● **Work required**
Leave out every line before the one that contains "Евгений и София.". Please restate that line and the rest of the data word for word, through the end.

● **Task input**

****************************************

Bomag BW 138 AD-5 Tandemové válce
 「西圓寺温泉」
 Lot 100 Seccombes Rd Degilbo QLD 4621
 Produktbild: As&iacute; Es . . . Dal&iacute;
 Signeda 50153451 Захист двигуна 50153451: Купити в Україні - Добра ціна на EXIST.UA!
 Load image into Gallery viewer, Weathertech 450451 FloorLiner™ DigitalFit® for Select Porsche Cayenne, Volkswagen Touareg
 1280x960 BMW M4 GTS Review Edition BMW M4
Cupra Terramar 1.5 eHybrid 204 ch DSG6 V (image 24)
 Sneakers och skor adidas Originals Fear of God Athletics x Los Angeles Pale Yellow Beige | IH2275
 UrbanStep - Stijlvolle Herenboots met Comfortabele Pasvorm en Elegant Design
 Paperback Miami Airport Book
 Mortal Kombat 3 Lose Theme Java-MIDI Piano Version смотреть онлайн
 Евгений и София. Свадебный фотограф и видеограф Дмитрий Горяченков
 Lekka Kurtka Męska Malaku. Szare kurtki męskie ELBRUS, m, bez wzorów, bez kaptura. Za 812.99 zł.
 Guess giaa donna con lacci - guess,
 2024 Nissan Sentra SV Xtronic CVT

****************************************

● **Completed task**
 Евгений и София. Свадебный фотограф и видеограф Дмитрий Горяченков
 Lekka Kurtka Męska Malaku. Szare kurtki męskie ELBRUS, m, bez wzorów, bez kaptura. Za 812.99 zł.
 Guess giaa donna con lacci - guess,
 2024 Nissan Sentra SV Xtronic CVT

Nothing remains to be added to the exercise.